Qu’en est-il de la circulation quotidienne dans la ville préfecture? Il semblerait que le nœud du problème se situe autour des trois ponts et de l’esplanade des Fontaines.

Pour connaître les réalités de la circulation au quotidien dans une cité, rien de mieux que de solliciter l’avis d’un « pro » du volant. Luc Porcellini, 53 ans, est à ranger dans cette dernière catégorie. Ancien militaire « dans les transmissions », il exerce la profession de chauffeur de taxi depuis neuf ans et s’est établi à Montauban au mois d’avril dernier.

Un œil neuf donc pour une situation routière de plus en plus dense et qui lui fait notamment dire : « Le premier point noir, à mon avis, se situe au niveau du pont Vieux dont la traversée provoque souvent d’importants bouchons et pas obligatoirement aux heures de pointe. Dans le secteur de la rue Prax-Paris et de la place Alexandre

1 er, ce n’est pas l’idéal non plus. Depuis qu’on ne peut plus couper devant le parking souterrain pour remonter la rue du Fort, les choses sont un peu compliquées dans ce périmètre. Cela entraîne, notamment à l’heure de sortie des établissements scolaires, une situation très complexe tout autour de l’esplanade des Fontaines. Parfois, ça bouchonne depuis le début de la Mandoune et, pour nous, même si on a l’autorisation d’emprunter le couloir des bus sur l’allée de l’Empereur, il est quasiment impossible d’aller jusqu’à la préfecture en un temps raisonnable. Alors on s’adapte du mieux que l’on peut. »
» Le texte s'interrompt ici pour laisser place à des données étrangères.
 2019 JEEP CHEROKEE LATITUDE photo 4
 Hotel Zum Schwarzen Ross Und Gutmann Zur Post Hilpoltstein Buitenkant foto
Pour Luc Porcellini qui relève au passage « les embouteillages quotidiens de la zone nord, c’est du classique et pour franchir les trois ronds-points successifs, il faut parfois une bonne demi-heure », il existe un petit truc pour passer un moins de temps au volant de sa voiture et faire monter son taux d’exaspération.

« ÉVITER LES TROIS PONTS »

« Je pense qu’aux heures de pointe, il faut éviter quand on peut le faire d’emprunter l’un des trois ponts de la ville, même si, ces derniers temps, j’ai constaté que le trafic sur celui de Sapiac était un peu plus fluide que sur les deux autres ponts»conseille Luc Porcellini qui lâche en conclusion : « Avant, j’étais à Toulon et là c’était l’enfer. La ville est un véritable goulot d’étranglement et pour les taxis, c’est la grosse galère chaque jour. »

Pour Michel, Montéchois bon teint, qui deux fois par jour effectue le trajet entre les bords du canal et le parking des Berges « il faut être tôt là le matin pour trouver une place », la circulation montalbanaise ne lui pose pas de problèmes trop insurmontables « sauf quand le pont Neuf ou le pont de Sapiac sont ultra-saturés, très souvent le vendredi aux alentours de 17 heures. »

« UN DÉTOUR PAR LA ROCADE »

Mais notre homme a trouvé une solution qu’il livre volontiers : « Je file par la rue du pasteur Louis-Lafon qui est assez dégagée jusqu’à la rocade et je reviens par le pont de la Molle et l’avenue de Toulouse jusqu’à l’avenue de Montech. C’est un peu plus long que par le pont de Sapiac mais, dans cette configuration, c’est plus facile de rentrer que de sortir de Montauban. Par ailleurs, j’ai constaté aussi que la sortie de l’Institut Familial , allée Mortarieu, n’est pas très simple et que ça bouchonne souvent à midi et à 17 heures. » Reste aussi à évoquer un projet de modification de circulation qui a provoqué une importante levée de boucliers il y a quelques semaines de cela : la mise en double sens de l’avenue Marceau-Hamecher qui absorbe un trafic journalier de 10 000 véhicules.